Thursday, June 16, 2011

Friday 5/27 Atlanta to Asheville


This morning we packed up and said good-bye to the very neat, kitchy Hotel Indigo, with its European-sized bathroom.  Before leaving Atlanta, we headed to the Martin Luther King Jr. national historic site.  There was a lot to see there, and I came away feeling like we should perhaps have spent more time, which we just didn’t have.  There was the visitor’s center with an exhibit and film, the famed Ebenezer Baptist Church (as well as a newer, larger, more modern one built right across the street), the MLK Jr. Center for Nonviolent Social Change, and the house where Dr. King was born and raised, all up and down Auburn St. (or Sweet Auburn, as Dr. King affectionately called it).

Wow.  What a place, what a man.  I spent an awful lot of time in the visitor’s center exhibit reading everything.  We’ve all grown up and learned the basics about Dr. King, his life, and his legacy, but I realized how little I really knew about him, or the civil rights movement to be honest.  I was really struck at the portrayal of him as a living man, rather than a hero on a pedestal, the challenges his faced during the civil rights movement, the sacrifices made by him and his family, and the times when he almost gave it all up (can you imagine?).  It also was eye opening, all the stuff about the rampant racism in our country, especially in the South.  Not to say that racism isn’t still alive and well in the U.S., but the stuff that went on in the first half of the 20th century is just so inconceivable to me, not having lived through it.  As we went through the Center for Nonviolent Social Change, looking at exhibits about Rosa Parks and Ghandi, I had some other thoughts start to float to the surface, but never really made it there, about all the nonviolent (or attempts at nonviolent) demonstrations going on all over the Middle East and Northern Africa in the “Arab Spring” this year.  I would love to be able to get Dr. King’s take on those events.
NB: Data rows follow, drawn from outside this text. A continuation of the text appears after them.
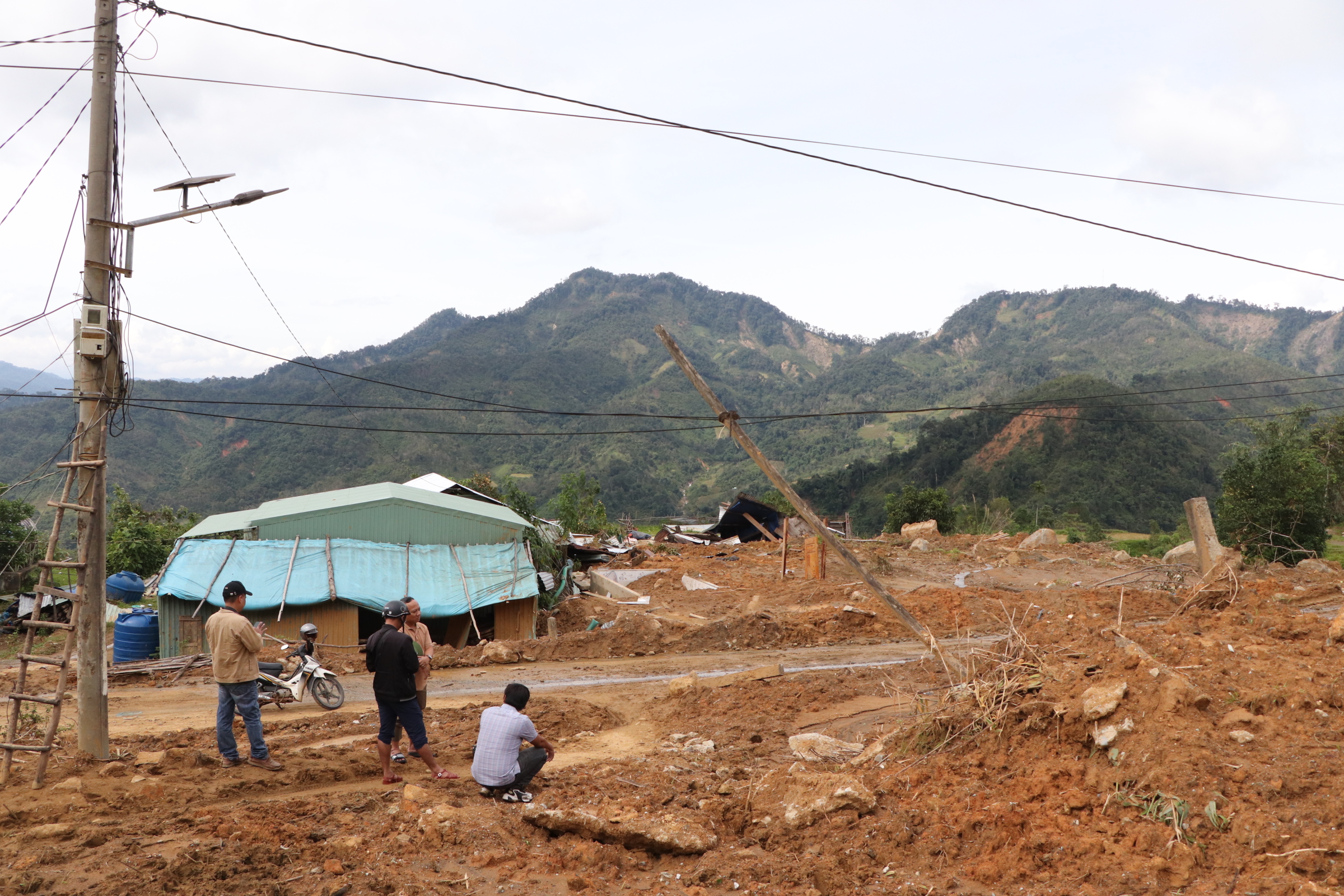 Sạt lở núi ở Đà Nẵng khiến 6 nhà sập , người dân lo sợ nợ ngân hàng - Ảnh 22.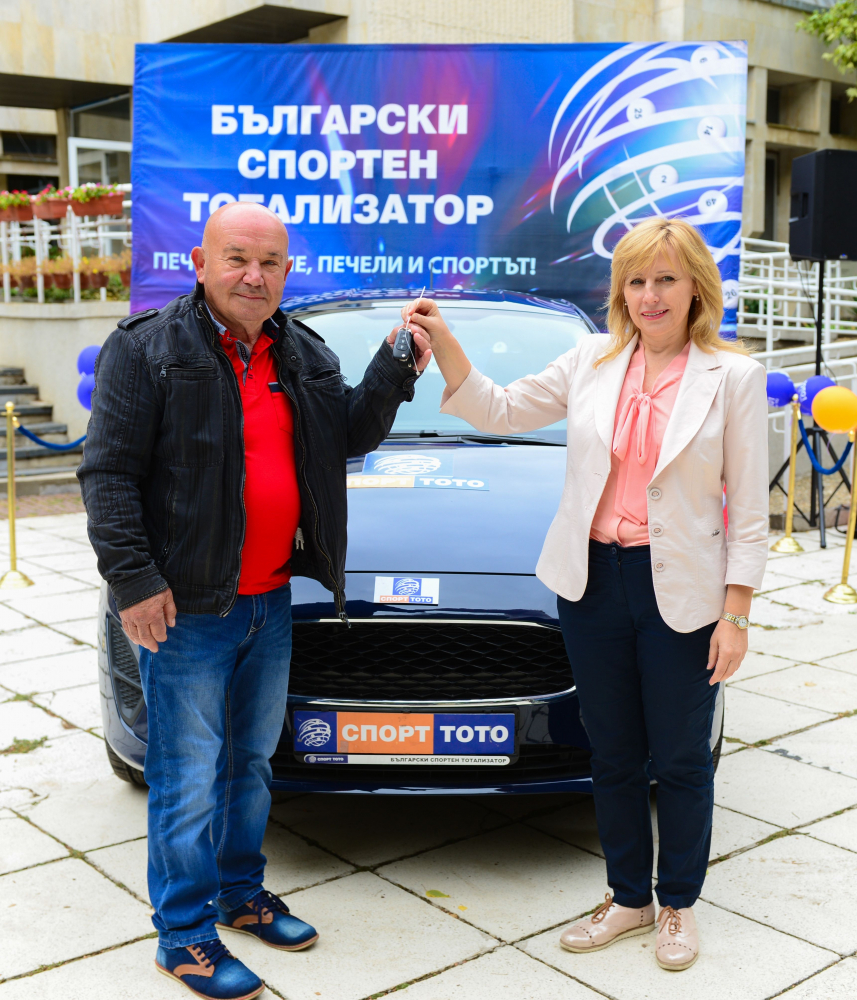„ТОТО 2 – 6 ОТ 49“ направи късметлия от град Тервел собственик на чисто нов автомобил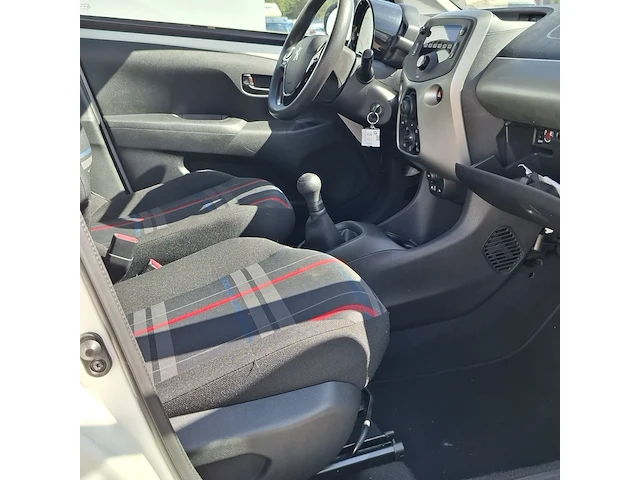 Personenauto, peugeot, 108 1.0 e-vti blue lease, 2015 - afbeelding 27 van  39
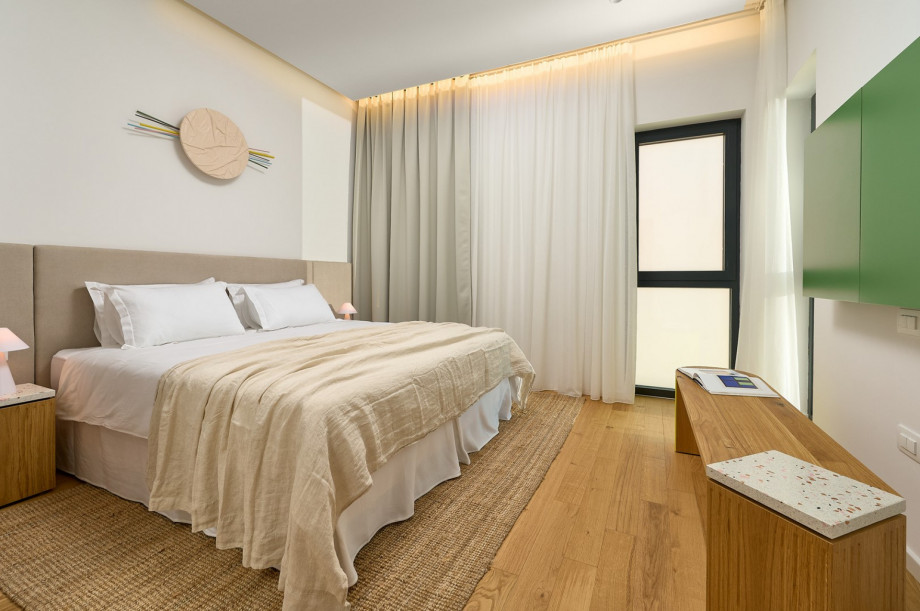 Bedroom with king-size bed 180x200cm and en-suite bathroom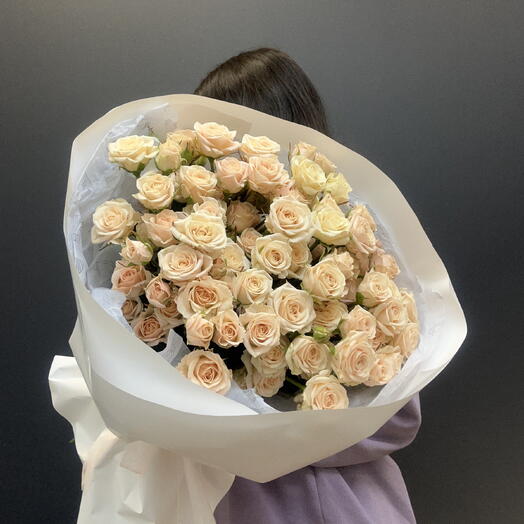 Букет из персиковых кустовых роз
We also visited his and Mrs. King’s graves—very beautiful.  We walked up Auburn St. to his birth-home.  We weren’t able to take a tour, as the next available one was pretty late, but the visitor’s center had a neat kiosk with a 360 degree photo tour.

We also visited the Ebenezer Baptist Church.  Man, if walls could talk….  They almost did, as they had recordings of Dr. King’s sermons, and various folks singing, and playing the organ.  I was struck by how much smaller and more intimate the church actually is in real life—it just always looked pretty big to me in the pictures. 

So with a lot to think about, we got in the car and headed for Asheville, taking the scenic route through the edge of the Great Smokies, much to my delight, Morgan’s frustration (we were on a four-lane divided highway, not a four-lane limited access interstate), and April’s stomach’s dismay.  I wasn’t going mention the snit that this led but everyone else has, so why not?  April announced (10 miles from our destination) that she needed to use the restroom.  Thinking that she might be more comfortable in a reasonably clean and much more private hotel room bathroom rather than some nasty gas station bathroom, I asked if she couldn’t hold it.  Obviously this was the wrong question, for which I paid dearly (other motorists on I-40 might have noticed my head rolling down the road).  Suffice it to say, it was a quiet ride the rest of the way into Asheville.  We were back on speaking terms by dinnertime, however, and decided to indulge in some more of the much-enjoyed Mellow Mushroom, which conveniently also has a location in downtown Asheville.  After dinner we strolled around town a little bit, taking in the uber-crunchy atmosphere of Asheville.